A federal judge in Chicago has tossed a lawsuit alleging that Tootsie Roll Industries sold its Junior Mints in deceptively large boxes.
U.S. District Judge John Lee dismissed the would-be class action Tuesday because the lawsuit failed to allege that the named plaintiff suffered actual damages, the Chicago Tribune reports.
The plaintiff, Paige Stemm of Belleville, Illinois, will be allowed to file an amended complaint.
Stemm says she bought a package of Junior Mints from a Walgreens for about a dollar in March 2018. Only about 56 percent of the box was filled with candy. The rest of the package was air, or “slack-fill.”
The size of the packaging led Stemm to think she was buying more of the candy than she actually received, her suit says. She claims that the misleading packaging violated the Illinois Consumer Fraud and Deceptive Business Practices Act.
Tootsie Roll had argued that the Junior Mints box discloses the net weight and number of pieces inside, eliminating any possibility of deception.
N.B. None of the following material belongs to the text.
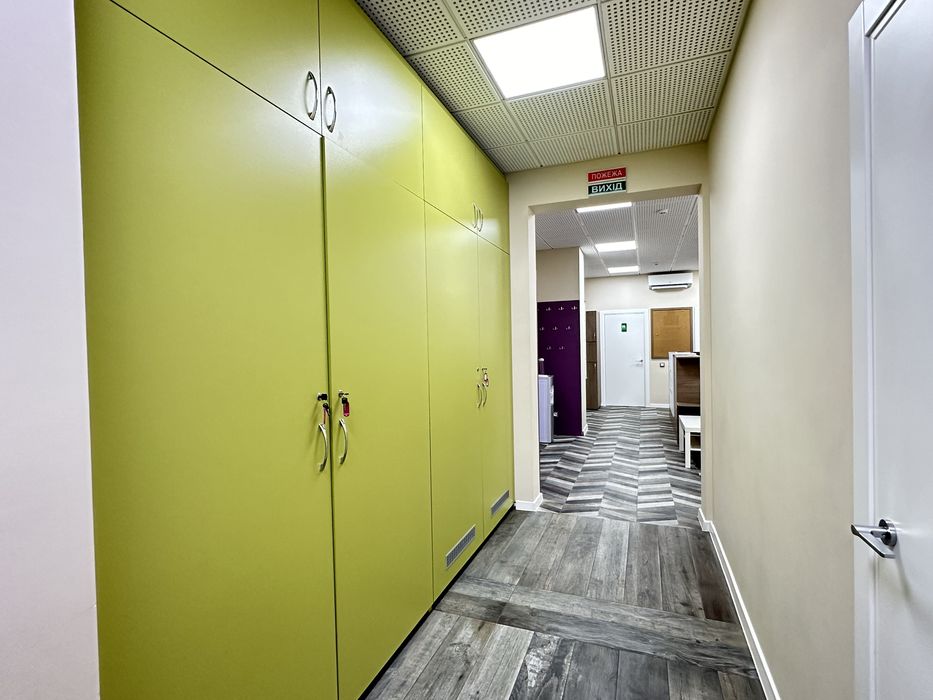 Дмитрівська 75, нежитлове приміщення під будь який вид діяльності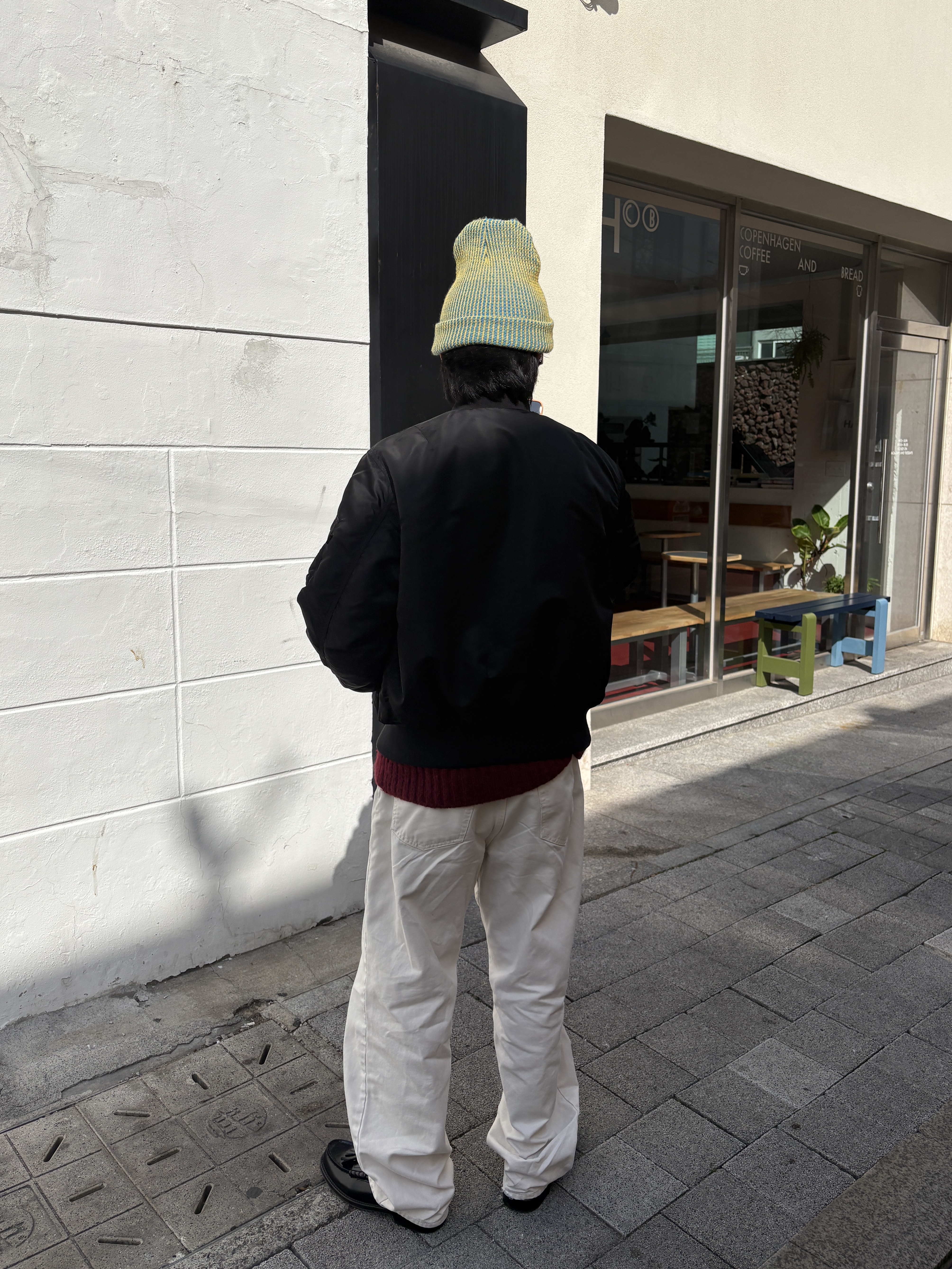 ALPHA INDUSTRIES MA-1 Flight Jacket Black, Aftermath Stripe Knit Red 착용 스타일 - 4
Lee sided with Stemm on that point.
Despite those disclosures, “the overall size of the boxes may mislead a reasonable consumer into believing that each piece is much larger than it actually is,” Lee wrote. “What is more, Stemm alleges that 44 percent of the packaging is slack-fill, a rather substantial amount by any measure.”
But Lee ruled for Tootsie Roll in the dispute over actual damages. The damages claim is not saved by an allegation that Stemm would not have bought the Junior Mints had she known about the slack-fill, Lee said. What is missing, he said, is an allegation that Stemm paid more than the actual value of the candy.
Lee suggested a damages claim that might have been successful: an allegation that the oversized box led Stemm to think the individual candy pieces were bigger than they were, and the price she paid was the fair market value of the larger pieces.
The suit is one of many that have been filed over slack-fill in candy boxes. At least 29 such suits were filed in 2015 and at least 37 more were filed in 2016, according to a 2017 report by the U.S. Chamber Institute for Legal Reform.
A federal judge in New York dismissed a different suit over Junior Mints slack-fill in August.